Above-mentioned cynnematin, it is preferably the compound that following structural formula is represented:
Its chemistry 7a-((N, N-di-isopropyl) amidine sulphur acetamido) by name-3-((2,5-dihydro-6-hydroxy-2-methyl-5-oxo-as-triazine-3-yl) methyl)-Cephalosporanic acid (cephalo piperazine amidine).
Above-described cephalo piperazine amidine can be its hydrobromate or amine salt.
The compound of general formula I also can be the compound of following structure:
The preparation method of the cynnematin of general formula I is characterized in that comprising:
1, the amino C-3 methyne of 7-nitrogen heterocyclic ring is replaced the dissolving of 4-carboxyl Cephalosporanic acid or be suspended in the appropriate solvent system; And, make solution molten fully clear with organic bases or mineral alkali regulator solution PH;
2, the settled solution with step 1 gained reacts with bromoacetyl bromide;
3, with the solution acidifying of step 2 gained;
4, with the same N of the product of step 3 gained, the two substituting thioureidos of N react;
5, the product that step 4 is obtained separates.
Described solvent is meant alkyl ketone, alkyl alcohol, the mixture of halogenated alkane or above-mentioned solvent.
Described alkyl ketone is meant acetone, methyl iso-butyl ketone (MIBK), and alkyl alcohol is meant methyl alcohol, ethanol, Virahol, and halogenated alkane is meant methylene dichloride.

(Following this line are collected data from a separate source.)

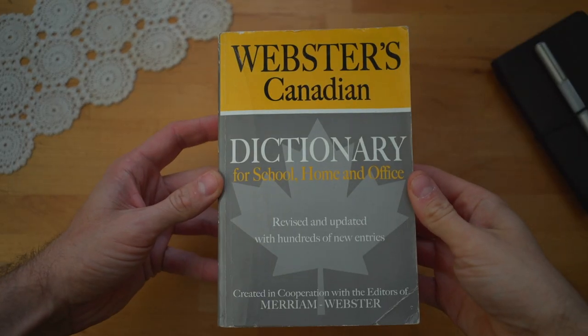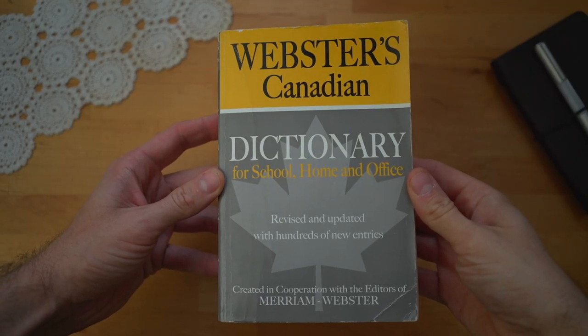I haven't used one of these since I was in elementary school. I think it was mandatory that we all carried one in our bags — everybody had to have a dictionary like this — and this was pretty much the last time I've seen one of these, honestly.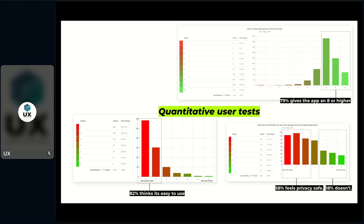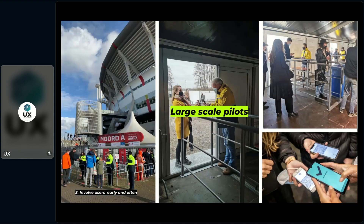Only when necessary we performed quantitative tests to quantify our qualitative insights — for instance before going live to 17 million users. We learned that 82% thought it was easy to use, and 79% gave the app an eight or higher. This is the data you want as a team, and also what your advisory board and government need to go live safely. We also organized large-scale pilots because we were designing a solution with a completely new interaction for a completely new world. We organized a pilot festival and a football match and observed app interactions in real-life scenarios.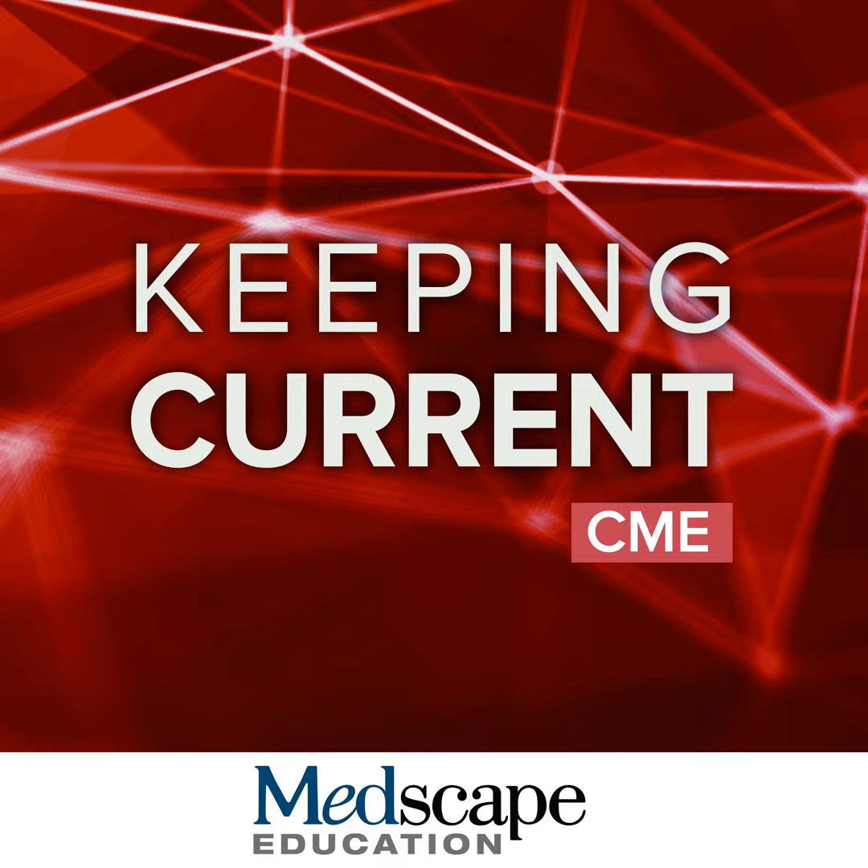The following presentation is copyrighted by Medscape. No use, broadcast, or recording of this presentation, or any part thereof, is permitted without the written authorization of Medscape. The following presentation is part of a certified educational activity provided by Medscape Education and supported by an independent educational grant from Lilly.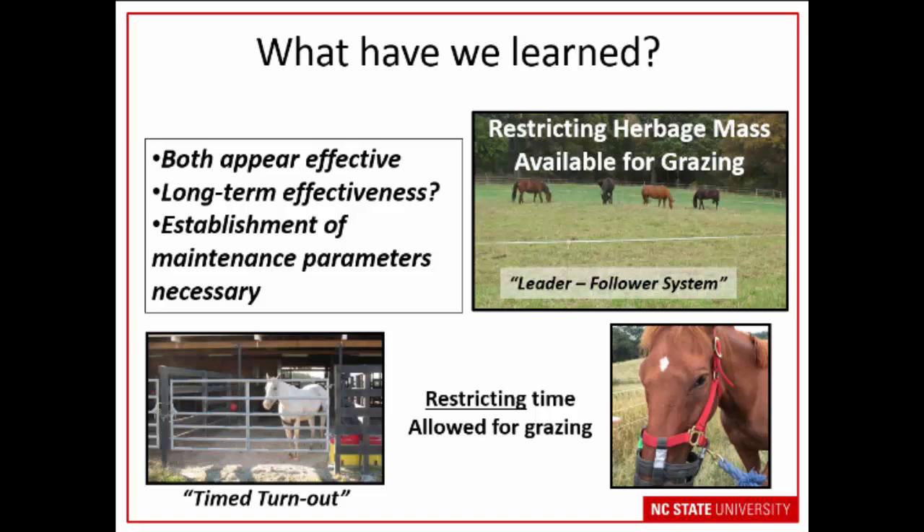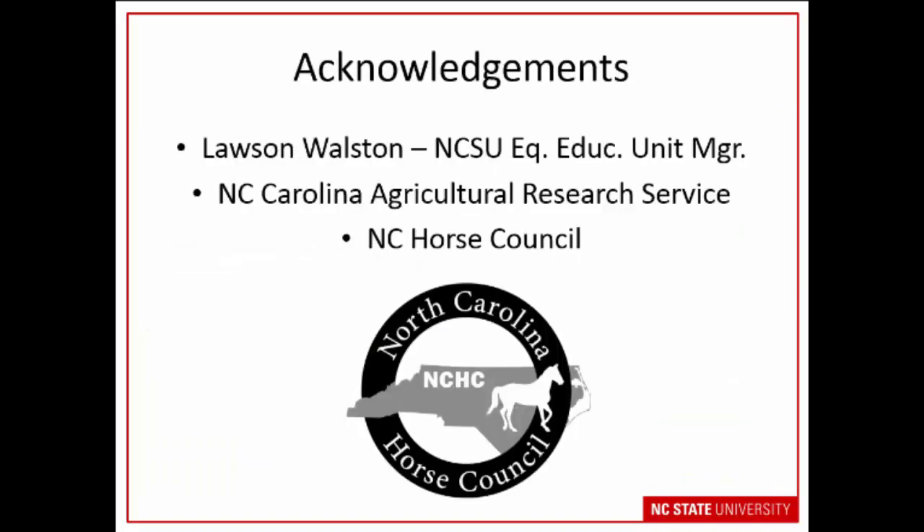I wanted to acknowledge our farm manager Lawson Walston, who helped us with the horses, the NC Ag Research Service, and the horse council who supported some of this work. With that, I'm glad to answer any questions.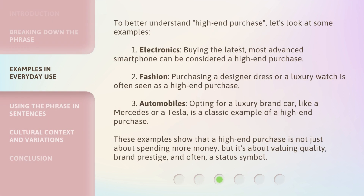To better understand 'high-end purchase,' let's look at some examples. First, electronics: buying the latest, most advanced smartphone can be considered a high-end purchase. Second, fashion: purchasing a designer dress or a luxury watch is often seen as a high-end purchase. Third, automobiles: opting for a luxury brand car, like a Mercedes or a Tesla, is a classic example of a high-end purchase. These examples show that a high-end purchase is not just about spending more money, but it's about valuing quality, brand prestige, and often, a status symbol.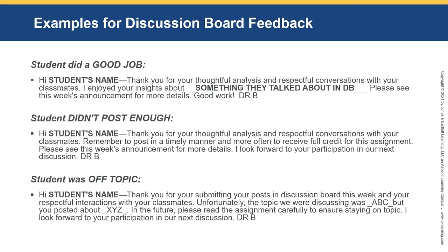Here are examples of discussion board feedback. For a student who did a good job: 'Hi [student's name], thank you for your thoughtful analysis and respectful conversations with your classmates. I enjoyed your insights about [topic]. Good work, Dr. B.' For a student who didn't post enough: add 'Remember to post in a timely manner and more often to receive full credit.' For a student who was off topic: 'The topic was ABC, but you posted about XYZ — in the future, please read the assignment carefully to ensure staying on topic.'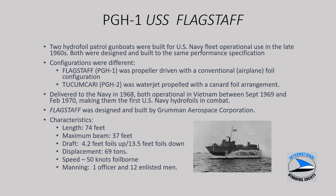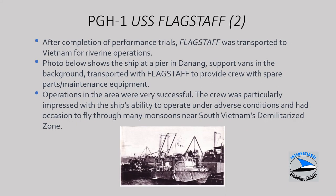In the mid to late 1960s, the Navy embarked on what was potentially going to be a class of hydrofoil gunboats. Two were built: PGH-1, propeller driven with a conventional airplane foil configuration, built by Grumman; and PGH-2, water jet with canards, built by Boeing — diametrically opposed configurations with different propulsion schemes. They were delivered in 1968 and sent to Vietnam for real-world operations during the Vietnam conflict. The Flagstaff had characteristics of just under 70 tons, 50-knot speeds, and a crew of 13. Operations at the pier in Da Nang were very successful with a good level of operability in adverse conditions of waves, humidity, and high temperatures.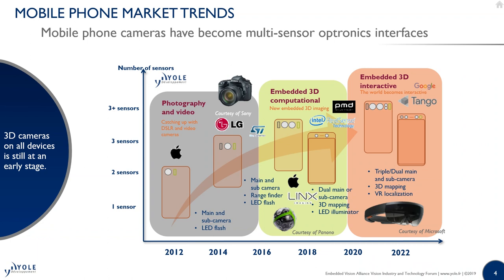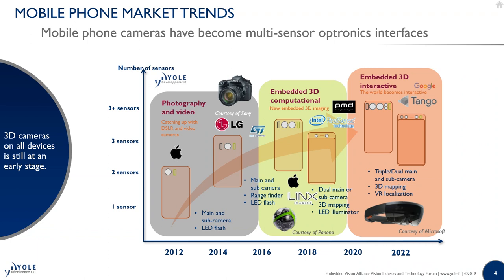And then we were thinking about the next era, which we call 3D interactive, where you have depth sensing — a more evolved and improved depth sensing. It's something that is on our market roadmap, and we see that coming in the next two years. So we were quite aligned with what was happening on the market.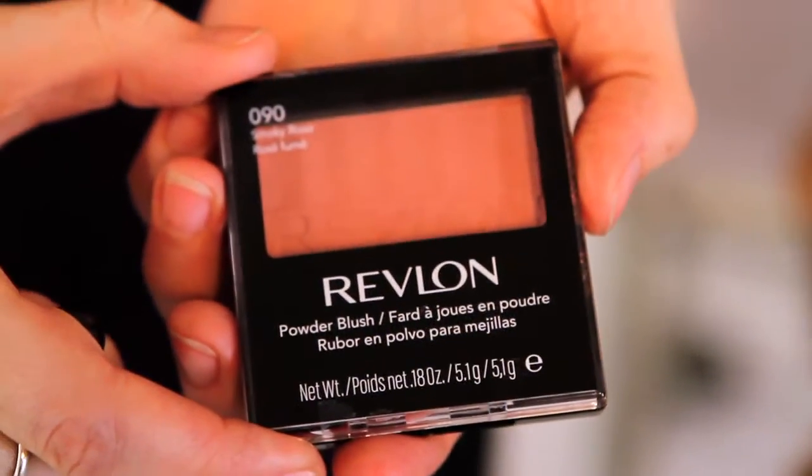Make sure you even out your skin tone and hide any flaws with foundation. Then dust soft pink blush on the apples of your cheeks for a fresh natural glow. Finish it off with Revlon's Grow Luscious Mascara and that should do the trick.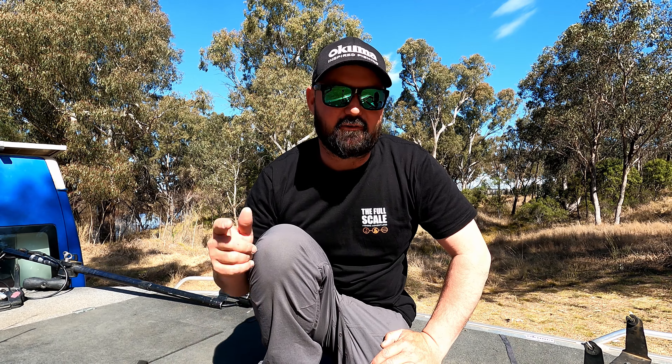So there's a bit of a rundown of the things I like to use while I'm out on the lake chasing big cod. Hopefully you got a few pointers out of it. I'll catch you next Tech Talk.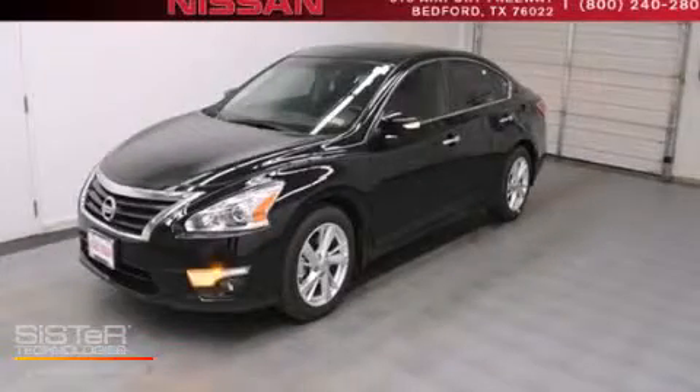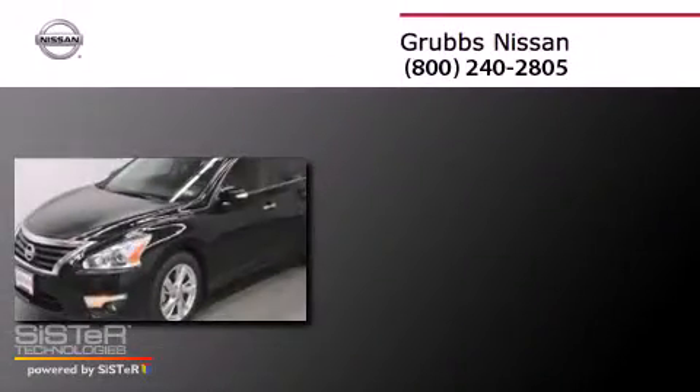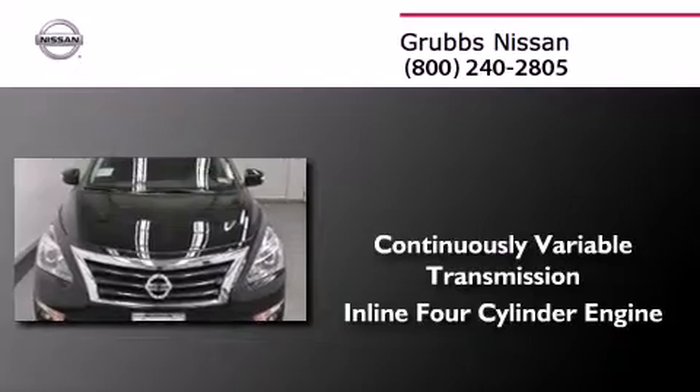This is a brand new 2013 Nissan Altima. This car has a continuously variable transmission and an inline four-cylinder engine.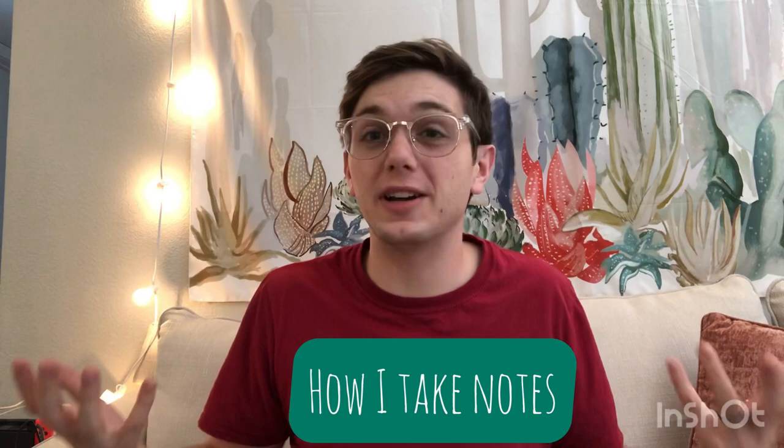If you've ever gone to school you know how important note-taking can be to your success in that course. And today we're taking you through how I take notes and exploring the options that you have to take great notes. So let's go.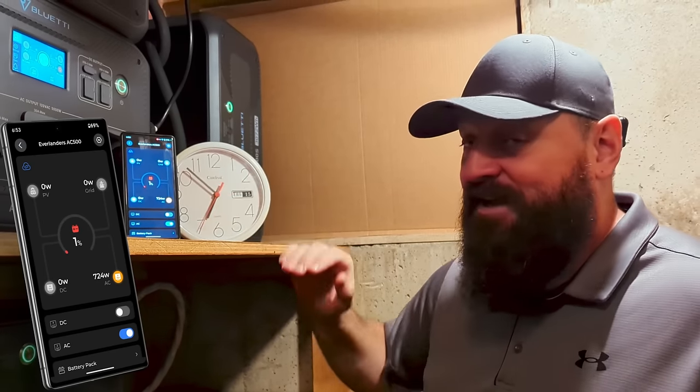10 bonus points for everyone who made it to the end of the video. Thanks so much for watching. We'll see you next time. Bye!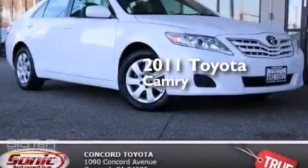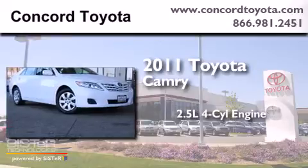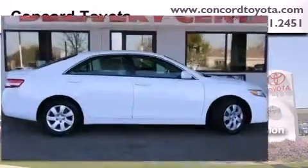This is a certified pre-owned 2011 Toyota Camry. It features a 2.5-liter four-cylinder engine, an automatic transmission, and a clean non-smoker interior.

The preparation method of described cynnematin, its organic bases is triethylamine, diethylamine, Tributylamine, tetramethyl guanidine, mineral alkali is sodium bicarbonate, yellow soda ash, NH
3Water etc.
The preparation method of described cynnematin, wherein hydrochloric acid, sulfuric acid, Glacial acetic acid, phosphoric acid are adopted in acidifying.
The preparation method of described cynnematin, wherein the amino C-3 methyne of 7-nitrogen heterocyclic ring replacement 4-carboxyl Cephalosporanic acid is selected from following compounds:
Described in the definition such as general formula I of R1.
N, the two substituting thioureidos of N are selected from following compounds:
The present invention also provides the preparation method of the cynnematin cephalo piperazine amidine with preferred construction formula II.It is characterized in that 7-amino-3-((2,5-dihydro-6-hydroxy-2-methyl-5-oxo-as-triazine-3-yl) methyl sulphur))-reaction of Cephalosporanic acid and bromoacetyl bromide makes 7-acetobrom amino-3-((2,5-dihydro-6-hydroxy-2-methyl-5-oxo-as triazine-3-yl) methyl sulphur))-Cephalosporanic acid, with N, the reaction of N di-isopropyl thiourea makes a kind of cynnematin with anti-microbial activity again.Its reaction formula is as follows:
Detailed preparation method may further comprise the steps
1, with 7-amino-3-((2,5-dihydro-6-hydroxy-2-methyl-5-oxo-as-triazine-3-yl) sulphur) methyl)-Cephalosporanic acid (7ACT) dissolves or is suspended in the appropriate solvent system.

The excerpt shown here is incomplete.